Photo Credit: Kristan Hutchison/Antarctic Photo Library
The Beardmore Glacier. The nearby field camp in 2010-11 has about 17 staff to support 18 science groups. There are more than 50 LC-130 missions, 61 Twin Otter missions and 750 mission hours split between two Bell 212 helicopters scheduled to support the camp and the satellite field sites.
 

Antarctic Treaty has withstood the test of time

Zumberge explained SCAR in detail. E. Fred Roots (Canada) discussed the role of science in the treaty system: “In no other large part of the world is the pursuit of science such a dominant activity.”

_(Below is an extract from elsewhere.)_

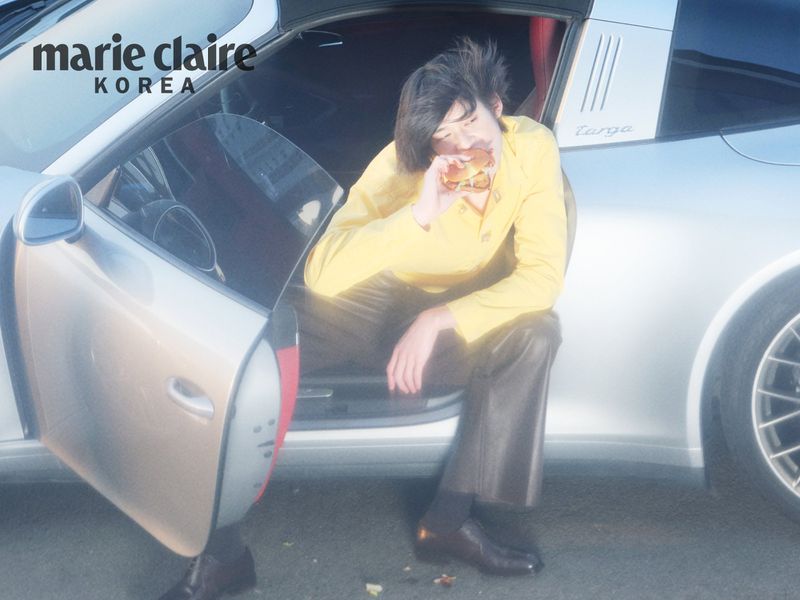 Model in a yellow top and dark trousers seated inside a silver sports car eating a burger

L.F. Macedo de Soares Guimaraes (Brazil) provided the eloquent and moving perspective of a new consultative nation, Brazil having achieved that status just four months earlier. An enthusiastic public backed his country’s new Antarctic science program, and Guimaraes argued that the activities of the consultative parties are not based on expertise or experience: “Brazil could hardly claim that. The right words are not expertise or experience, but involvement and responsibility.”

Zain Azraai (Malaysia), the presumed antagonist, was affable, articulate, popular — and unrepentant. The treaty parties, he said, regarded the U.N. debate “as an irrelevant nuisance to their pursuit of the proper management of Antarctica” even though the debate “did not make a constructive contribution.” But — he conceded while in Antarctica — “All sides need to exercise forbearance, refrain from casting aspersions on one another’s motives, and examine issues with an open mind.”

Azraai got his wish.

People walk toward helicopter.
Photo Credit: Kristan Hutchison
Scientists pile into a helicopter to fly to a field site near the Beardmore camp in 2003.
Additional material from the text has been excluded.